Our humane side tells us, “A patient needing a bypass shouldn’t have to worry about the costs of paying for it.” But the pragmatic side says, “But if they do have to worry, then entrepreneurs like Devi Shetty will have reason to find ways to cut those costs.” The economics and ethics are locked in combat. Over time, the question comes down to: “Which is better? A world in which cardiac bypasses cost $75,000 and are paid for by insurance? Or a world in which bypasses cost $1,000 and are paid for out of pocket by patients?”
There is no easy answer. And insistence by the political left and the political right that easy answers are out there for the plucking may be the greatest obstacle to civil debate and rational policymaking.

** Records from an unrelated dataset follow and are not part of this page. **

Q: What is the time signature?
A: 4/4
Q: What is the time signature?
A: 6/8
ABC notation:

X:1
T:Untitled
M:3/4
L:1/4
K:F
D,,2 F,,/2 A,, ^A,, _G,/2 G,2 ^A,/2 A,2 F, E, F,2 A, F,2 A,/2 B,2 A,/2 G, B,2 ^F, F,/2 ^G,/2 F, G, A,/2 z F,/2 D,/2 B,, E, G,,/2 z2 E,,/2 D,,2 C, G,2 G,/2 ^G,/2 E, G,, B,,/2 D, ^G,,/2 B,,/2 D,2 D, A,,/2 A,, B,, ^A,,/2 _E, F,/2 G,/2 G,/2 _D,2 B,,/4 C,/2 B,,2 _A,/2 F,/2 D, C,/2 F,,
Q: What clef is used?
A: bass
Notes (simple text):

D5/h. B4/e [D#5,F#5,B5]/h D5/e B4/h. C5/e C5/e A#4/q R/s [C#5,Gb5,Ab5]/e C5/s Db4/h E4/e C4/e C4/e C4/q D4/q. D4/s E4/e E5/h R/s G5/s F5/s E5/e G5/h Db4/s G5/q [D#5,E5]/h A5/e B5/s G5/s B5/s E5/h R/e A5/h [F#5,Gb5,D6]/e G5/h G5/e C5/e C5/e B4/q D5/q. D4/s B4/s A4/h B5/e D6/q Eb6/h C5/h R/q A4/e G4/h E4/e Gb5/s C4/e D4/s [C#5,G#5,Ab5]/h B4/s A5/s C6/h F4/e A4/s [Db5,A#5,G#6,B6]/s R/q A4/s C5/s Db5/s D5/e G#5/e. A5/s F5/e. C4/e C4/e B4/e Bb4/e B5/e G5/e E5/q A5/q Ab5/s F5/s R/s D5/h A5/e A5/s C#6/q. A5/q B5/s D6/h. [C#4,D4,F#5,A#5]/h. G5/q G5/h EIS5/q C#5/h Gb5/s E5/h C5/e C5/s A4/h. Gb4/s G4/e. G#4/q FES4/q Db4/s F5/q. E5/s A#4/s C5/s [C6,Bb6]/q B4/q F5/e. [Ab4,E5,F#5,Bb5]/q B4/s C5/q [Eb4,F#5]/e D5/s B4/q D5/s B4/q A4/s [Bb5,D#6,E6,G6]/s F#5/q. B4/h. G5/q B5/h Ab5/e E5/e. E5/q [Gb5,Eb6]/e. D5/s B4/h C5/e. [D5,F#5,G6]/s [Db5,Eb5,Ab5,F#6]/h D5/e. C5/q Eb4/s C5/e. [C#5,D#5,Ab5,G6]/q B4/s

Modern, Merciful, and Modest
In the fifth and final installment, we’ll try to blend these three discussions—Myths and Maybes, Marvels and Makers, and Meditations and Medications—into a whole. A way forward for more productive discussions and more satisfying policy-making. An attempt to move toward a more modern system of care, one that builds on our desires for merciful treatment of patients, and yet modest in ambition (by necessity).